Introduction. Quantitative assessment of the structural reliability and safety level for structural solutions is an actual scientific and technical problem. The measure of reliability in this case can be the failure probability of a structural element. In practical problems of assessment and analysis of structural reliability, data on random variables can be obtained in the interval form (qualitative uncertainty), while the classic methods of reliability analysis do not allow to estimate reliability in the presence of such data. Lack of statistical data (quantitative uncertainty) is also present in practical tasks of reliability analysis.

Materials and methods. The paper considers the use of the theory of evidence as an effective tool for reliability analysis of steel span structures in problems with interval uncertainty of statistical data.

Results. The graphical interpretation of the reliability analysis algorithm is given. It allows to obtain clearly and operatively an estimate of the failure probability of the structural element, as well as to reduce the permissible load on the element to the required reliability level. Two-dimensional and three-dimensional models are considered for analyzing the reliability of a steel truss bar according to the buckling criterion.
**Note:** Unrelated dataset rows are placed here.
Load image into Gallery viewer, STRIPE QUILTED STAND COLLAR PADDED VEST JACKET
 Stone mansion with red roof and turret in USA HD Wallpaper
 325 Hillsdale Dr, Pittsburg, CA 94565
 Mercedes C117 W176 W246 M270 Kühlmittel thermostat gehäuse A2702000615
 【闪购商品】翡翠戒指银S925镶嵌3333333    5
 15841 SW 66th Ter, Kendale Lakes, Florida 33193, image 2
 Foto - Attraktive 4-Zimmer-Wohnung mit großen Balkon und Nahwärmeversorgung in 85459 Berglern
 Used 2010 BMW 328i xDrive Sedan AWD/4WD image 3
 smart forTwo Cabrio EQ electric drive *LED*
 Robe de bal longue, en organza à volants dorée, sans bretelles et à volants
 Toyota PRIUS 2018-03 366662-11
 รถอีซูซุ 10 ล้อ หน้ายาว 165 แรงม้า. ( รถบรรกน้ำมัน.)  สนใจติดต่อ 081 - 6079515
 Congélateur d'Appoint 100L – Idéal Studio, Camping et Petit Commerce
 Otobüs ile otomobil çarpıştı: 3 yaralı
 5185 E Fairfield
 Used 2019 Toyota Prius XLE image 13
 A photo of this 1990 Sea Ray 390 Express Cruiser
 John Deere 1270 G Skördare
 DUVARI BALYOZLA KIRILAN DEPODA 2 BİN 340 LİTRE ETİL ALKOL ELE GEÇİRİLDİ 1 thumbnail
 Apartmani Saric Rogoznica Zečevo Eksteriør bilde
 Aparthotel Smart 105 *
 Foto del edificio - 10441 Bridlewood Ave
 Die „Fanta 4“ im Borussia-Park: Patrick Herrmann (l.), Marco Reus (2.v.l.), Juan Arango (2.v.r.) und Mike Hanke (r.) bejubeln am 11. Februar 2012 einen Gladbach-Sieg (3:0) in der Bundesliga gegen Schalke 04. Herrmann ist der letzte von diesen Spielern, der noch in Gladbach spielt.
Conclusions. The theory of evidence allows effective modelling of various sources of uncertainties in practical engineering problems. Thus, with limited data, it is possible to get an idea of the quantitative expression of the reliability level by its lower bound, which can be increased by strengthening the element, more detailed probabilistic analysis or limiting the operational load on the structural element. By considering more non-deterministic quantities in the design, the engineer obtains a more cautious decision. When considering the cross-sectional area as a random variable, the reliability of the truss bar on the buckling was 23 % lower (lower reliability bound) than in a similar calculation with a deterministic value.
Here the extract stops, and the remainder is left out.